State v. Davis, 214 N.C. App. 175 (2011)

Aug. 2, 2011 · North Carolina Court of Appeals · No. COA10-1388
214 N.C. App. 175

STATE OF NORTH CAROLINA v. MICHAEL DEAN DAVIS, JR.

No. COA10-1388

(Filed 2 August 2011)

1. Sexual Offenses — multiple counts — sufficiency of evidence — testimony of each act not present

The trial court did not err by denying defendants’ motions to dismiss multiple counts of indecent liberties, first-degree statutory sex offense with a child under thirteen, and second-degree sex offense where the victim did not testify to each attack as a separate incident. The victim clearly described discrete instances of different types of sexual acts perpetrated upon him by defendant over a long period of time.

2. Jury — verdict—unanimity—multiple sexual acts against child

There was no danger of a lack of unanimity between jurors as to thirty-six verdicts of indecent liberties, first-degree statutory sex offense with a child under thirteen, and second-degree sex offense. The victim testified that he was forced to perform multiple sexual acts over a two year period and defendant was indicted for six counts of first-degree sex offense with a child under thirteen, six counts of second-degree sex offense, and twenty-four counts of indecent liberties.

Appeal by defendant from judgments entered 14 April 2010 by Judge John L. Holshouser in Iredell County Superior Court. Heard in the Court of Appeals 25 May 2011.

*176 Attorney General Roy Cooper, by Assistant Attorney General Olga Vysotskaya, for the State.

Russell J. Hollers, III, for defendant-appellant.

BRYANT, Judge.

Because the evidence presented at trial was sufficient to withstand defendant’s motions to dismiss, defendant’s arguments are overruled, and we affirm the judgment of the trial court.

On 6 April 2009, defendant was indicted on twenty-four counts of indecent liberties with a child, six counts of first-degree statutory sex offense with a child under the age of thirteen, and six counts of second-degree sex offense.

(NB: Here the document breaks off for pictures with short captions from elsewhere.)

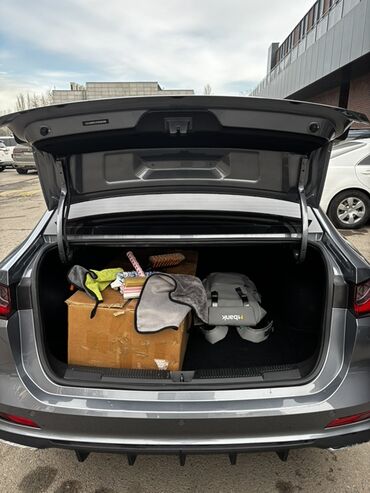 Roewe: Roewe i5: 2023 г., 1.5 л, Автомат, Бензин, Седан — 10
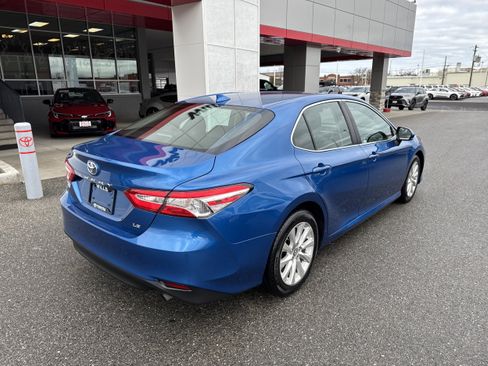 Used 2019 Toyota Camry LE image 4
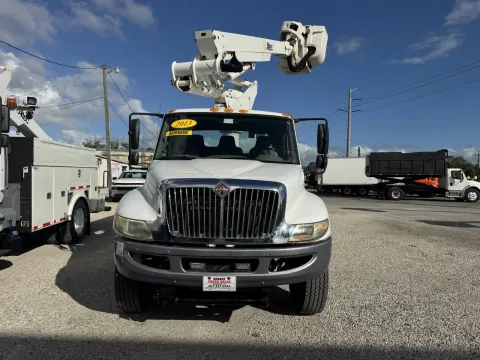 More photos of 2013 International DuraStar 4300 at DeBary Truck Sales, FL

At trial, evidence was presented that defendant lived alone with his son, Marvin1, who was born in 1994, for the time during which Marvin attended the first through the eighth grades. Marvin testified that in 2005, during the fall of his sixth grade year, defendant called him into his bedroom and told him to rub defendant’s penis. Marvin refused. Defendant threatened to “whoop” Marvin, and Marvin rubbed defendant’s penis. Marvin testified that this would occur once a week on Friday, and it was rare that it would not happen. From 2006 to 2007, Marvin attended the seventh grade. He testified that during this time, beginning in September 2006, defendant required him to perform fellatio. With few exceptions, defendant forced Marvin to engage in this behavior once a week. Further, defendant would masturbate in front of Marvin every week and compelled Marvin to masturbate, also. Marvin testified that there were perhaps only three or four weeks that defendant did not engage Marvin in those sex acts. In the summer following his seventh grade year, Marvin went to stay with his mother and grandmother. Marvin testified that defendant informed him that if he disclosed their sexual relations to anyone, Marvin would suffer a car accident and burn to death. In December 2008, Marvin told his mother about defendant’s sex acts.

Defendant moved to dismiss the charges at the end of the State’s evidence and again at the end of all the evidence. Defendant’s motions to dismiss were denied by the trial court. Thereafter, a jury found defendant guilty on all counts. The trial court entered judgment in accordance with the jury’s verdict. Defendant’s twenty-four convictions for indecent liberties with a child were consolidated to three sentences of 13 to 16 months active punishment, to be served con*177secutively. Defendant’s convictions for six counts of first-degree statutory sex offense with a child were consolidated to two sentences of 192 to 240 months active punishment, to be served consecutively. And, defendant’s convictions for six counts of second-degree sex offense were consolidated for an active punishment of 58 to 79 months. The trial court also ordered that upon release from prison, defendant was to submit to sex-offender registration and enroll in lifetime satellite-based monitoring. Defendant appeals from the trial court order denying his motions to dismiss.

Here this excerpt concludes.